Top of DATASET EXTRACT
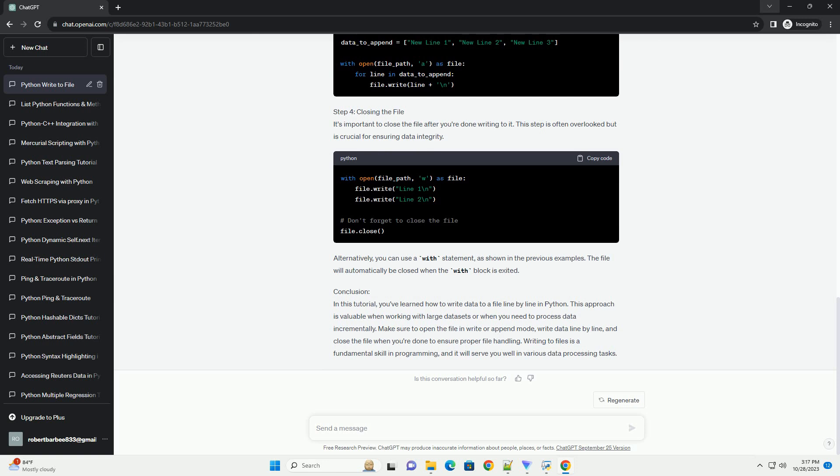If the file does not exist, it will be created. If it does exist, the previous content will be overwritten.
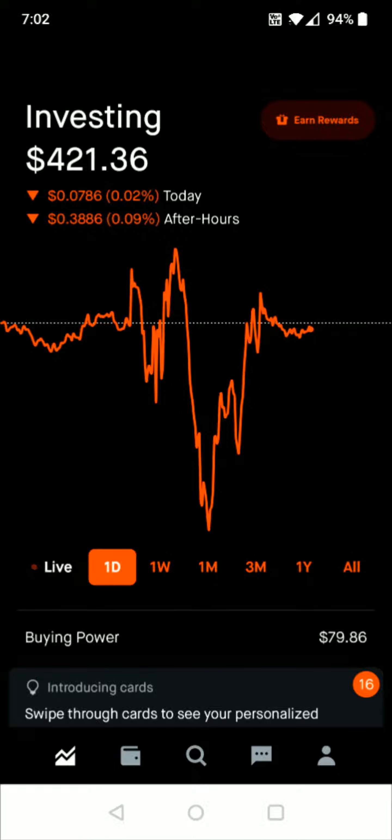Hey guys, in this video I'm going to quickly run through how you go about selling your cryptocurrency such as bitcoin, ethereum, dogecoin, etc. in the Robinhood application.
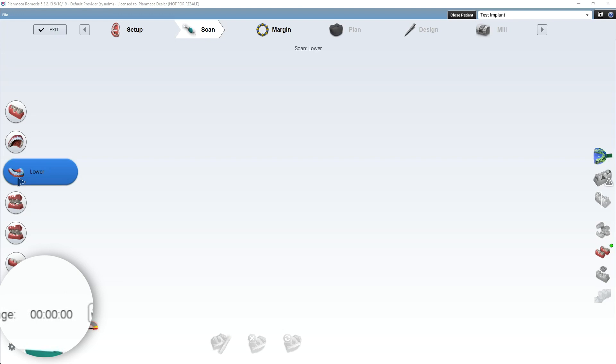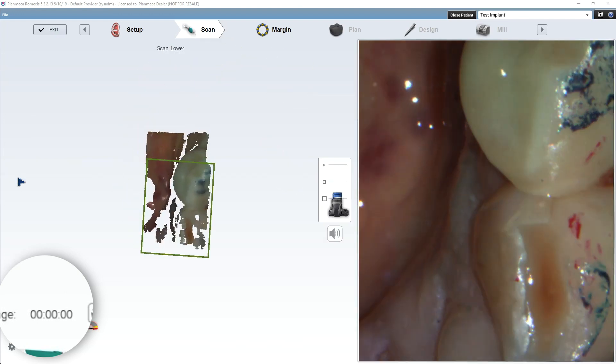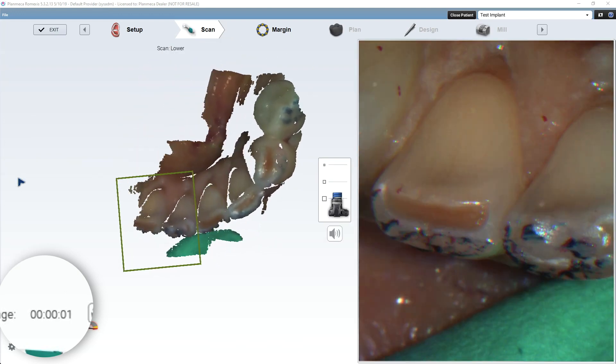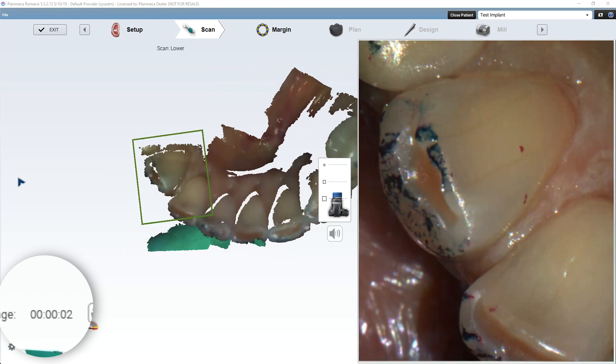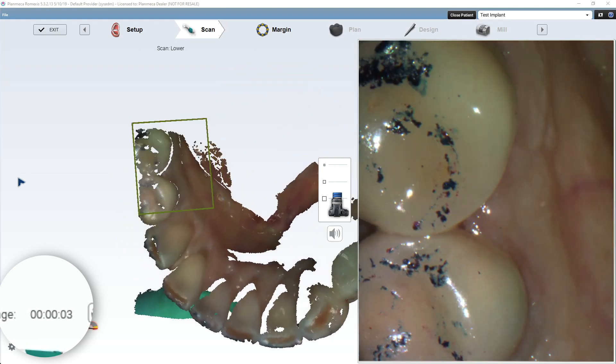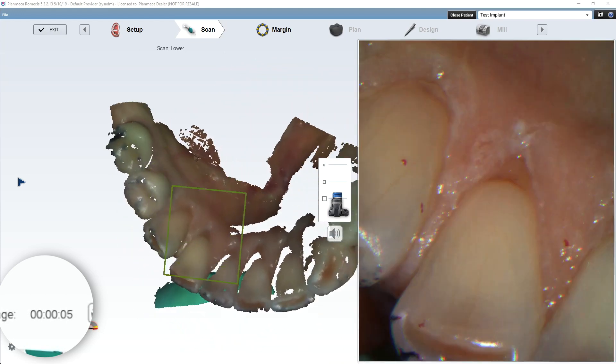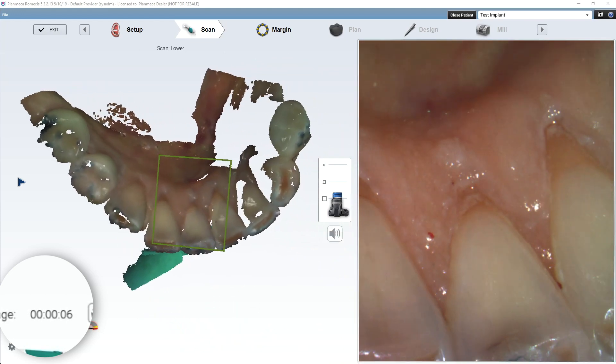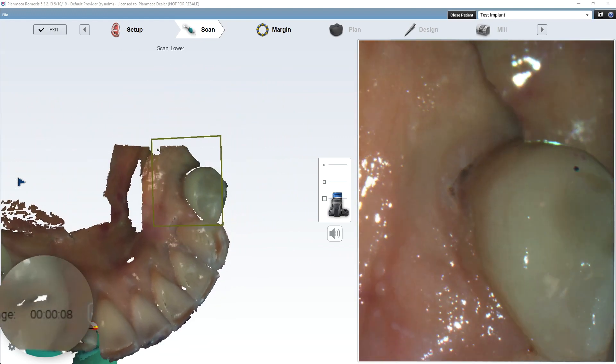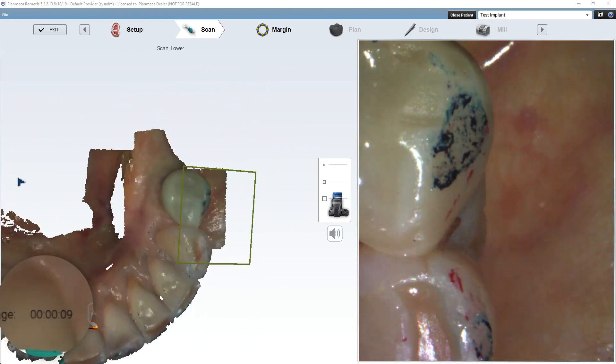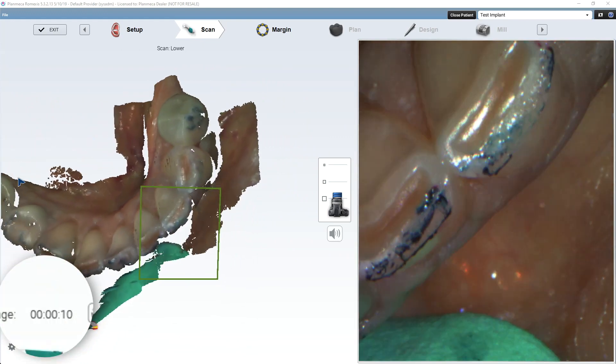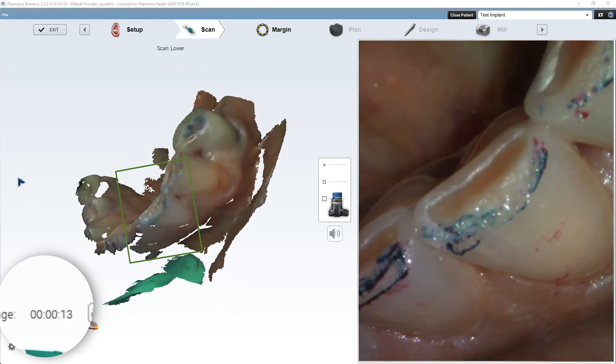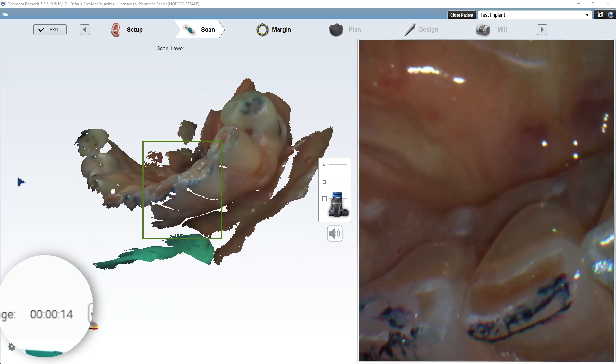Now I'm going to scan my lower. You're going to see the method to my madness here in a minute. It'll help you understand what's going on. So now I'm scanning my lower. I marked the occlusion. Sometimes I do that pre-operatively just so we can verify occlusal contact points if we need to.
Bottom of DATASET EXTRACT
(INSTRUCTIONS FOR THE TASK)
Could you reproduce the listing above exactly and drop every picture?

(SOLUTION FOR THIS TASK)
If the file does not exist, it will be created. If it does exist, the previous content will be overwritten.
Hey guys, in this video I'm going to quickly run through how you go about selling your cryptocurrency such as bitcoin, ethereum, dogecoin, etc. in the Robinhood application.
Now I'm going to scan my lower. You're going to see the method to my madness here in a minute. It'll help you understand what's going on. So now I'm scanning my lower. I marked the occlusion. Sometimes I do that pre-operatively just so we can verify occlusal contact points if we need to.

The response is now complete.